In our return to the ship, we put ashore at a place where, in the corner of a house, we saw four wooden images, each two feet long, standing on a shelf, having a piece of cloth round their middle, and a kind of turban on their heads, in which were stuck long feathers of cocks. A person in the house told us they were Eatua no te Toutou, gods of the servants or slaves. I doubt if this be sufficient to conclude that they pay them divine worship, and that the servants or slaves are not allowed the same gods as men of more elevated rank; I never heard that Tupia made any such distinction, or that they worshipped any visible thing whatever. Besides, these were the first wooden gods we had seen in any of the isles; and all the authority we had for their being such, was the bare word of perhaps a superstitious person, and whom, too, we were liable to misunderstand. It must be allowed that the people of this isle are in general more superstitious than at Otaheite. At the first visit I made the chief after our arrival, he desired I would not suffer any of my people to shoot herons and wood-peckers; birds as sacred with them as robin-red-breasts, swallows, &c. are with many old women in England. Tupia, who was a priest, and well acquainted with their religion, customs, traditions, &c. paid little or no regard to these birds. I mention this, because some amongst us were of opinion that these birds are their Eatuas, or gods. We indeed fell into this opinion when I was here in 1769, and into some others still more absurd, which we had undoubtedly adopted, if Tupia had not undeceived us. A man of his knowledge and understanding we have not since met with, and consequently have added nothing to his account of their religion but superstitious notions.

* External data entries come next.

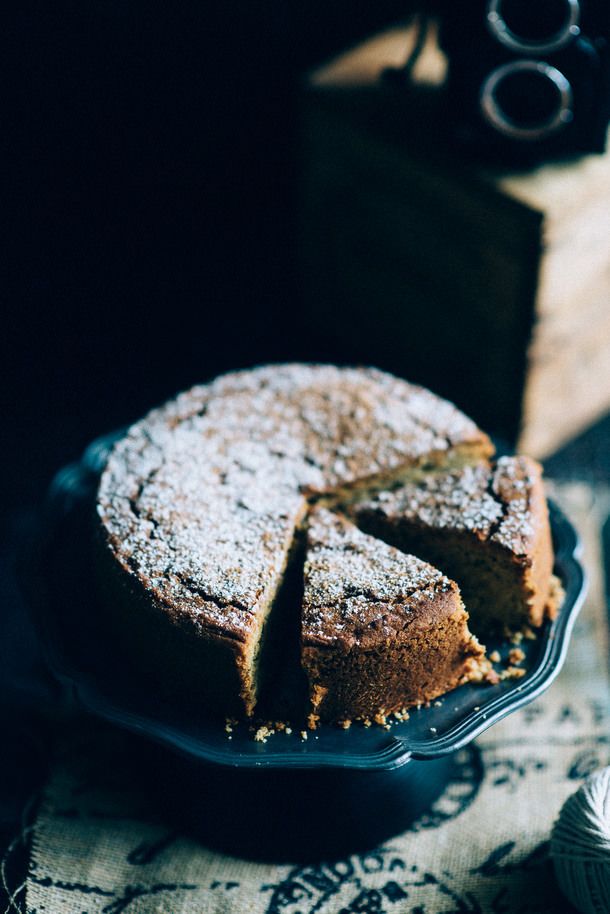 a cake is sitting on a plate with one slice cut out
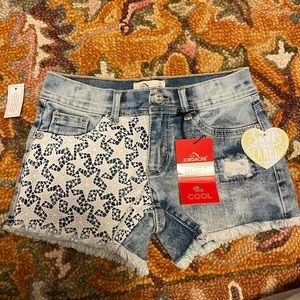 Jordache girls shorts with crochet star design.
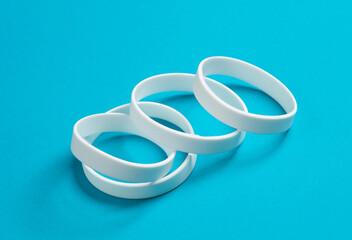 White silicone bracelets on a blue background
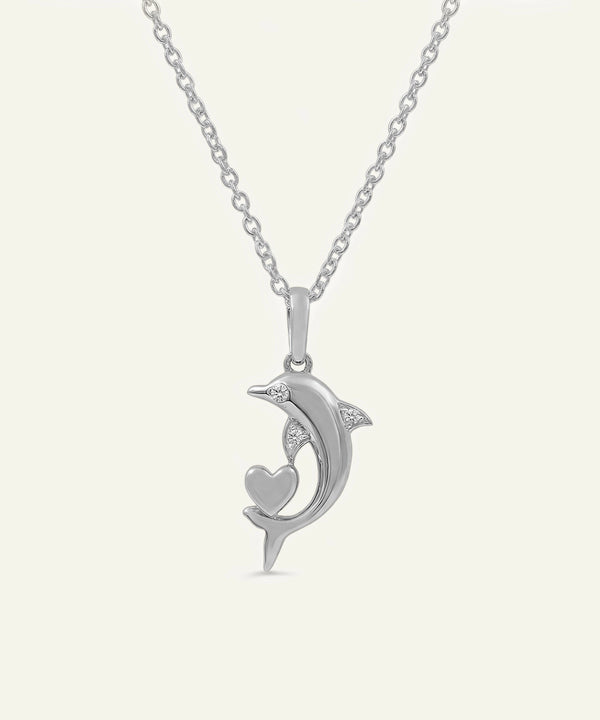 Silver pendant shaped like a dolphin with a heart on a white background
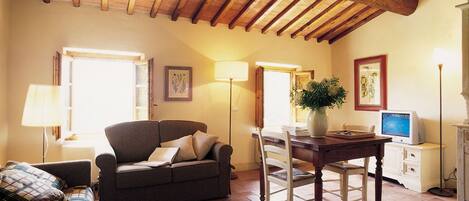 Un salon chaleureux avec un plafond en bois, un canapé, une table à manger avec des chaises, un téléviseur et une lampe.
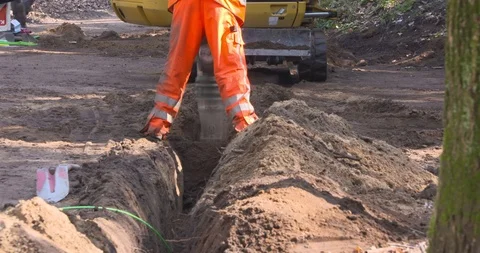 Workmen close a cable slot using a tamping rammer machine Stock Footage 106076241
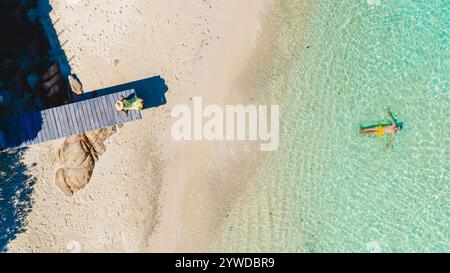 Goldener Sand und azurblaues Wasser bilden einen perfekten Rückzugsort auf Koh Munnork Island. Das Sonnenlicht schimmert, während sich die Besucher am Strand entspannen und im ruhigen Meer unter der warmen Sonne Thailands schwimmen. Stockfoto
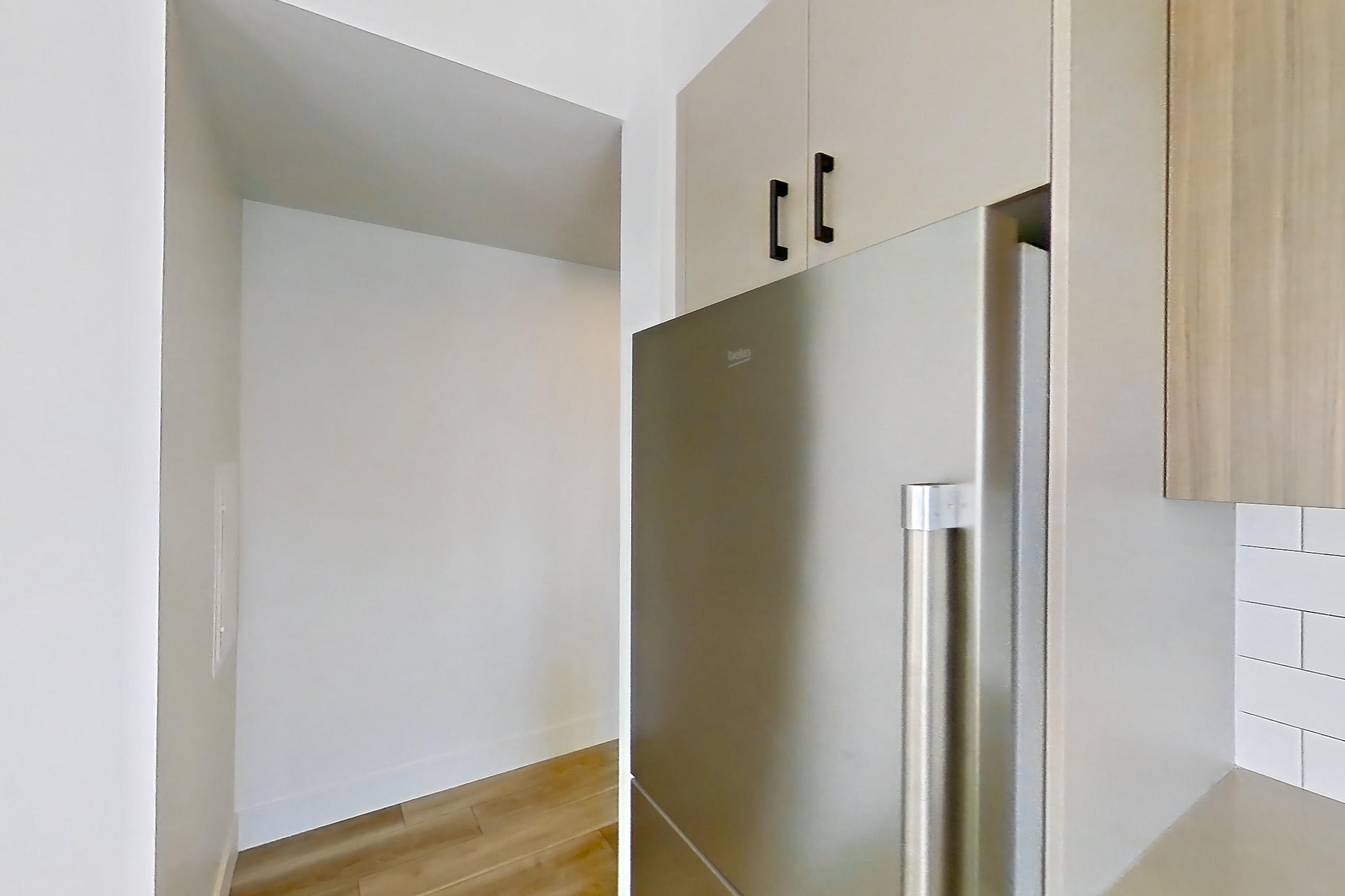 Kitchen with dishwasher, gas range, kitchen island, light countertops, light stone countertops, light wood-finish flooring, microwave, oven/range, and stainless steel appliances, Apartment 605 at The Myles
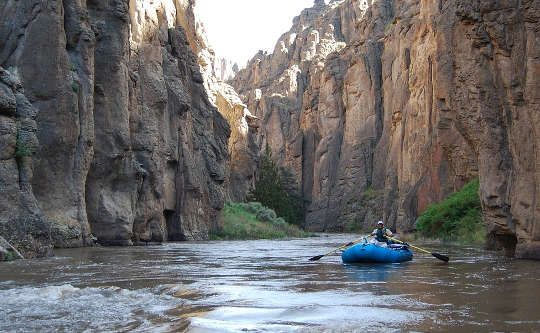 person rafting solo down a canyon river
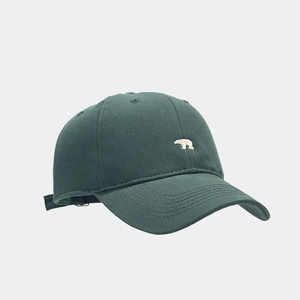 Detail view of cotton baseball cap with white polar bear embroidery and metal buckle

On the 31st, the people knowing that we should sail soon, began to bring more fruit on board than usual. Among those who came was a young man who measured six feet four inches and six-tenths; and his sister, younger, than him, measured five feet ten inches and a half.
1774 June
A brisk trade for hogs and fruit continued on the 1st of June. On the 2d, in the afternoon, we got intelligence that, three days before, two ships had arrived at Huaheine. The same report said, the one was commanded by Mr Banks, and the other by Captain Furneaux. The man who brought the account said, he was made drunk on board one of them, and described the persons of Mr Banks and Captain Furneaux so well, that I had not the least doubt of the truth, and began to consider about sending a boat over that very evening with orders to Captain Furneaux, when a man, a friend of Mr Forster, happened to come on board and denied the whole, saying it was wa warre, a lie. The man from whom we had the intelligence was now gone, so that we could not confront them, and there were none else present who knew any thing about it but by report; so that I laid aside sending over a boat till I should be better informed. This evening we entertained the people with fire-works, on one of the little isles near the entrance of the harbour.